Em sintonia com o movimento que os personagens fazem, ou pelo menos insinuam, à medida que o texto avança, a concepção de A Melhor Versão, a cargo de Daniel Herz e Luis Felipe Sá, é norteada pelo desmascaramento. Há exposição ao público tanto do que sentem os personagens quanto da estrutura do trabalho. Os atores aparecem entrando na Cidade das Artes, local onde o filme da peça foi feito, e a inclusão desse momento anterior ao início da apresentação propriamente dito lembra, rapidamente, a chegada dos atores ao teatro em Tio Vanya em Nova York (1994), de Louis Malle, que, inclusive, coloca o espectador diante de uma encenação (Tio Vanya, de Tchekhov). Em A Melhor Versão, os diretores propõem operações mais visíveis na conjugação entre teatro e cinema, ao passo que Malle, apenas aparentemente se limitando a registrar uma apresentação, interage com a peça de Tchekhov.

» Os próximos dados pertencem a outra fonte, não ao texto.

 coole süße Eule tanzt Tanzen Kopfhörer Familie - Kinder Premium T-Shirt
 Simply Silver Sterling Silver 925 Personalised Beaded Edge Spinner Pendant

Além do palco, os atores/personagens percorrem outros espaços da Cidade das Artes que intencionalmente não correspondem aos ambientes mencionados na peça. A fricção entre os ambientes fictícios e aqueles onde as cenas são realizadas sem preocupação com reconstituições realistas suscita provável estranhamento que diminui a chance do espectador estabelecer uma relação ilusionista, alienada, com o filme/espetáculo, apesar da autora se debruçar sobre o universo cotidiano, que tende a provocar sensação de identificação em quem assiste. Há ainda um contraste entre a ilusão romântica evocada por meio de citações a expoentes do cinema clássico, como Casablanca (1942), de Michael Curtiz, e A Felicidade não se Compra (1947), de Frank Capra, e a aridez emocional que atravessa as jornadas dos personagens.

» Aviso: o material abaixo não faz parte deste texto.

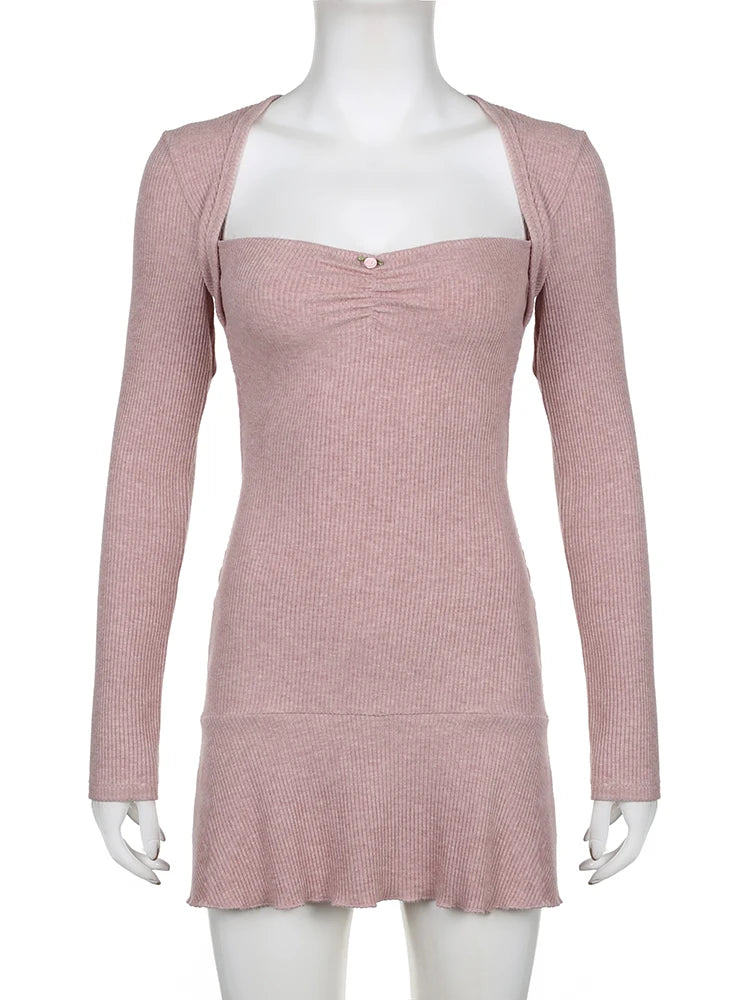 Hnewly DRESS TO IMPRESS Elegant Knitted Mini Dresses Women Autumn Y2K Aesthetics Sweet Slim Long Sleeve Square Collar Dress Solid Casual Korean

Ao promover o diálogo entre as artes, A Melhor Versão se aproxima do cinema na manipulação das imagens, mas se afasta dele ao desconectá-lo do registro realista habitual nessa manifestação, e investe na teatralidade resultante da articulação não literal do texto com os ambientes e os objetos, que adquirem caráter simbólico. O exemplo mais expressivo é o da mesa, elemento cenográfico (direção de arte de Clivia Cohen e José Cohen) que sintetiza a situação de confronto e desequilíbrio, o distanciamento causado pela falta de comunicação e o refúgio da realidade, comportamentos da família apresentada por Spadaccini.

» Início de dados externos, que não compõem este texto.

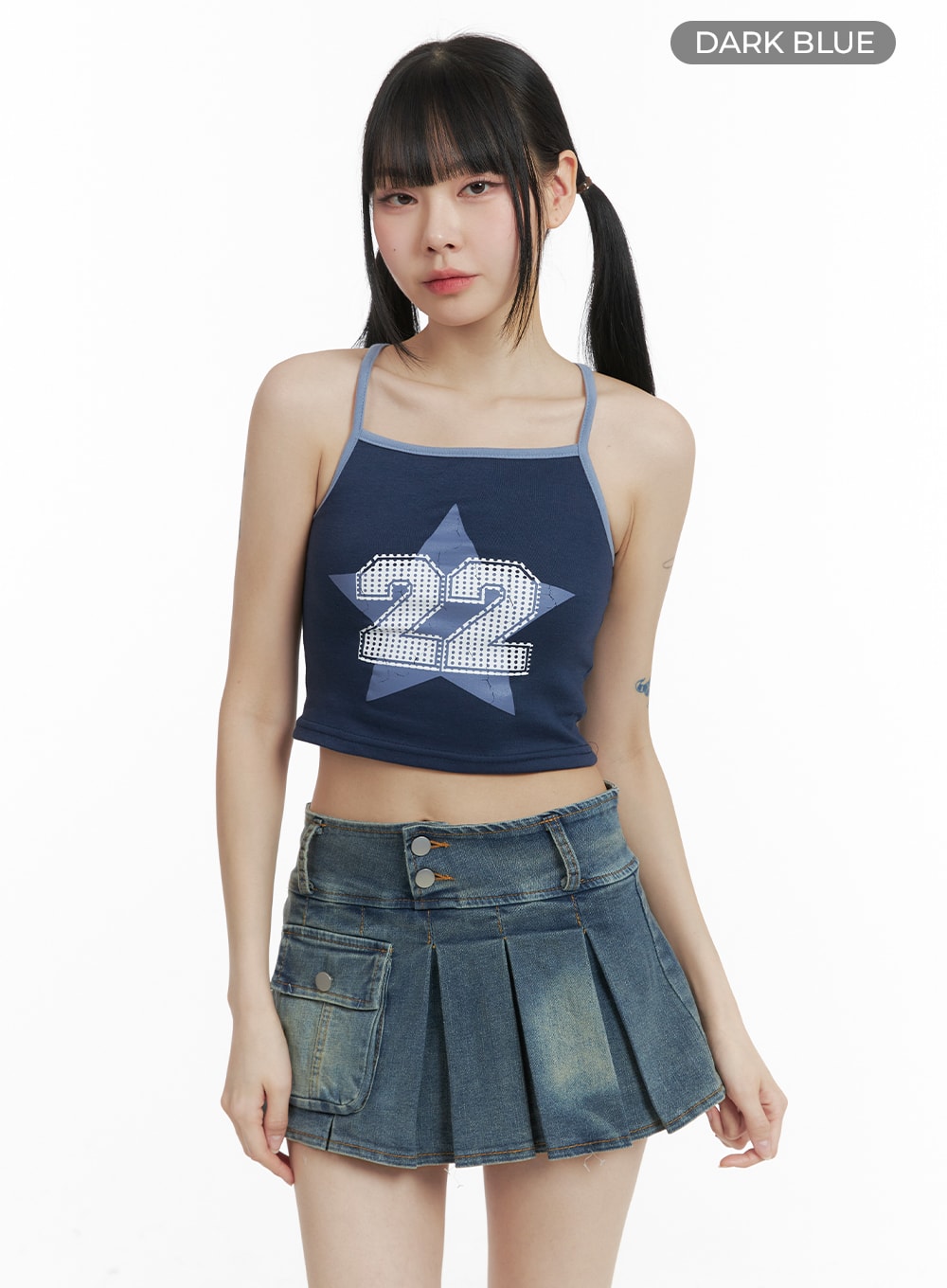MARCY PADDED THICK STRAP CROP TOP (OXFORD NAVY)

A estrutura do trabalho também é mantida à mostra na dinâmica interpretativa buscada junto ao elenco. Ana Paula Secco, Armando Babaioff e Michel Blois transitam entre a narração e a vivência, frisando a distinção e, em contrapartida, a contaminação entre os planos, tendo em vista que o ato de narrar não se dá através de uma descrição fria, e sim de um comprometimento diante daquilo que é contado.
Em A Melhor Versão, os mecanismos estão em evidência. Na dramaturgia, através da partilha com o público das estruturas de funcionamento psíquico dos personagens; na da construção cênica/cinematográfica, por meio da exposição das engrenagens do fazer artístico.